Saved data entries:
----------

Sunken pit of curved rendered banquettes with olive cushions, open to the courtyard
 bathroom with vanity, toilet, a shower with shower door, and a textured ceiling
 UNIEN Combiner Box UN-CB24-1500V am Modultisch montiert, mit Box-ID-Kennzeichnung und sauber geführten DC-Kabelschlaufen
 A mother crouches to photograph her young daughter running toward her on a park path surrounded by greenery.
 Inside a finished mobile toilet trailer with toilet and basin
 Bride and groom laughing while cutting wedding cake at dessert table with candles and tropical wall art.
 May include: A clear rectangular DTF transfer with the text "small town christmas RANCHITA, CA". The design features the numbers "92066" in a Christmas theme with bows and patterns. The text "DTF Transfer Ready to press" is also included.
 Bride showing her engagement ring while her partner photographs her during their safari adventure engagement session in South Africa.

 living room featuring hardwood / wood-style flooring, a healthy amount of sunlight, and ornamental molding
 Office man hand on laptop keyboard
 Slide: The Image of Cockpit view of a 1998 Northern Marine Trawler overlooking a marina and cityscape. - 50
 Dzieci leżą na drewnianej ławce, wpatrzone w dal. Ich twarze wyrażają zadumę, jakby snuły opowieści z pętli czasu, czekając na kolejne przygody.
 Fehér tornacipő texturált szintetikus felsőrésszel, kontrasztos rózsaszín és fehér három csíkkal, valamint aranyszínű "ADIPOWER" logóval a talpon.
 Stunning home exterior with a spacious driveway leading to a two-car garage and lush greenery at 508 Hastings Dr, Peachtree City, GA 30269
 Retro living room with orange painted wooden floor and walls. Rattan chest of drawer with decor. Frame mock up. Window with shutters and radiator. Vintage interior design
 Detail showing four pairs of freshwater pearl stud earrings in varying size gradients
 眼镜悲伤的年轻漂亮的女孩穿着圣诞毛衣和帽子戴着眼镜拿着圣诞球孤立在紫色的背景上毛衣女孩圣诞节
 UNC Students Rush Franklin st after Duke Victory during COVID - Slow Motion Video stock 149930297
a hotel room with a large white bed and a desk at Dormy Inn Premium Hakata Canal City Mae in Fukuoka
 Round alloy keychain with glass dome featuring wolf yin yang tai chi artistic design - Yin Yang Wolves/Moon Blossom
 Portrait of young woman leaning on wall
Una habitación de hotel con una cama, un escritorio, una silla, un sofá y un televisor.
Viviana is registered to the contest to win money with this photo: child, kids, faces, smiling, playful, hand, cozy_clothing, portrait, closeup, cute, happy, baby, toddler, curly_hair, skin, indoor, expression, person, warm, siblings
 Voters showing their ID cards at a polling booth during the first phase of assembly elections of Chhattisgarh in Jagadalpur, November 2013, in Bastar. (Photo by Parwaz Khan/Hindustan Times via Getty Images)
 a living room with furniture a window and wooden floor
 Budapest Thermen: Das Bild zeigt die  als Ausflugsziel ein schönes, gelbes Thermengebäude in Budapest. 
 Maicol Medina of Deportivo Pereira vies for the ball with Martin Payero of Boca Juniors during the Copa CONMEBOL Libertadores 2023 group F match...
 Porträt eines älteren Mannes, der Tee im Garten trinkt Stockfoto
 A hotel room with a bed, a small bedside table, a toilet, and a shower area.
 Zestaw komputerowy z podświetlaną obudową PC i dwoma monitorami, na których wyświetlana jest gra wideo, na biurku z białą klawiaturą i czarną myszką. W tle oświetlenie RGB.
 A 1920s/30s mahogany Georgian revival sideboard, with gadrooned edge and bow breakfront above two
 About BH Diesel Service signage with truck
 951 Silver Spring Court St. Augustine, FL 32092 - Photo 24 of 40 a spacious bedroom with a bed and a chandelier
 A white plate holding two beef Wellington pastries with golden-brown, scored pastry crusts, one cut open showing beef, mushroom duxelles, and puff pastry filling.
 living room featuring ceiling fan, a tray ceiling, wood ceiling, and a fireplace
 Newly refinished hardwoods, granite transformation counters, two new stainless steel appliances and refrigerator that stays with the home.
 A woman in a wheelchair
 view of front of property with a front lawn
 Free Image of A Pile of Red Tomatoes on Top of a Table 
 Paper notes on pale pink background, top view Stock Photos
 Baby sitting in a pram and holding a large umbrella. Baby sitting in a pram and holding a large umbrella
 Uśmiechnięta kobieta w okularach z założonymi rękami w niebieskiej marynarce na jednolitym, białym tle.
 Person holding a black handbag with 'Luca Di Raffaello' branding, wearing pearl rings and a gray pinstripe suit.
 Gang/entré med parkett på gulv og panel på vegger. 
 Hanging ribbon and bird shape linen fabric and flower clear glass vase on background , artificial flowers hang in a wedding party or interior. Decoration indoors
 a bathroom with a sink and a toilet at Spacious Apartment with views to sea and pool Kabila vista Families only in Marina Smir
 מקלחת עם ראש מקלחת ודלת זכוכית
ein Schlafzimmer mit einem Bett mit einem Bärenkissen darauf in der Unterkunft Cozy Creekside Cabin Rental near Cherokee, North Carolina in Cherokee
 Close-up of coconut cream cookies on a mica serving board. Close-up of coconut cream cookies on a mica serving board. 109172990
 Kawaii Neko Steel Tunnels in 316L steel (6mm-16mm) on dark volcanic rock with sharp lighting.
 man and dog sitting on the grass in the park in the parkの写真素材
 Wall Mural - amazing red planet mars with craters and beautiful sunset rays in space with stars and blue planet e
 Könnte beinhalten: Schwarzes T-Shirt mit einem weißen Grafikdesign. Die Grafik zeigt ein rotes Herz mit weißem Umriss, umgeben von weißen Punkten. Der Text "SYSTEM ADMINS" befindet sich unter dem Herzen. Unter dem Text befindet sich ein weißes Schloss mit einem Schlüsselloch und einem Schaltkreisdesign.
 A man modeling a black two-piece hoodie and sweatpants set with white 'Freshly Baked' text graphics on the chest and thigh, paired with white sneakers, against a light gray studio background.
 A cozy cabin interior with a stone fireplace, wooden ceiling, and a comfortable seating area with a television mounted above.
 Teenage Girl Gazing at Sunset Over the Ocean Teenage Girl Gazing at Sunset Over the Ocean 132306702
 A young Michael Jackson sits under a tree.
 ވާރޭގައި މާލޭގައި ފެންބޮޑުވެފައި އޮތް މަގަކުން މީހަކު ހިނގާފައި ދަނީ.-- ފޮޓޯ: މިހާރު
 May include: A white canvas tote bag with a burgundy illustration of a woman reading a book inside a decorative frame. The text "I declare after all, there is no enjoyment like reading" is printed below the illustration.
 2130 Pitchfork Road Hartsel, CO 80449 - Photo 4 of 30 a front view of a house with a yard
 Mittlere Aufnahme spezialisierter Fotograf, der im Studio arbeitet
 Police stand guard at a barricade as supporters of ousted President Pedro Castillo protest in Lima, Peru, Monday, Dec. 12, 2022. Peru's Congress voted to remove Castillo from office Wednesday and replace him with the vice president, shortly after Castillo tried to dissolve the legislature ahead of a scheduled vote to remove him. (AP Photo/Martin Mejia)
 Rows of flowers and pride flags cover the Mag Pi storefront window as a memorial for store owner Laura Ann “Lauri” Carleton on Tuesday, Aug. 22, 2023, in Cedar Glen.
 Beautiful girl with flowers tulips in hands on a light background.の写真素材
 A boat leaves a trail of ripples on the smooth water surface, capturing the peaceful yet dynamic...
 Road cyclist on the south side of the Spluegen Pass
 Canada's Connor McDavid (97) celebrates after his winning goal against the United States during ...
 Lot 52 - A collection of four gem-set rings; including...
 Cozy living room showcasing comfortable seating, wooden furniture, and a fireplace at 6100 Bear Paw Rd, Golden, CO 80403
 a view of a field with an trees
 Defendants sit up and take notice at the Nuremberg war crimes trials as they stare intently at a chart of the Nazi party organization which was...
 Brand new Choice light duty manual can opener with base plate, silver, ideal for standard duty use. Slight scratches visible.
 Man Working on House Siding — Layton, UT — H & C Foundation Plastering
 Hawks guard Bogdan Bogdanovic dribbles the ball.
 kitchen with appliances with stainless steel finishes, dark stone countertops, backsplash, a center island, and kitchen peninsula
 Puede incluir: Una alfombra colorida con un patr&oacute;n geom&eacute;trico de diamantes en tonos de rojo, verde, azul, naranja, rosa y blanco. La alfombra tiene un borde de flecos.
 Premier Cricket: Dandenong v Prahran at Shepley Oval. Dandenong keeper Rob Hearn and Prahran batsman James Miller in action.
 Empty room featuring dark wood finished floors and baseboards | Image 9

----------

*Your task*: Return only the part of the records above that opens with the line containing "Bride showing her" and closes with the line containing "Office man hand on laptop keyboard", ends included.

*Reply to the exercise*:
 Bride showing her engagement ring while her partner photographs her during their safari adventure engagement session in South Africa.

 living room featuring hardwood / wood-style flooring, a healthy amount of sunlight, and ornamental molding
 Office man hand on laptop keyboard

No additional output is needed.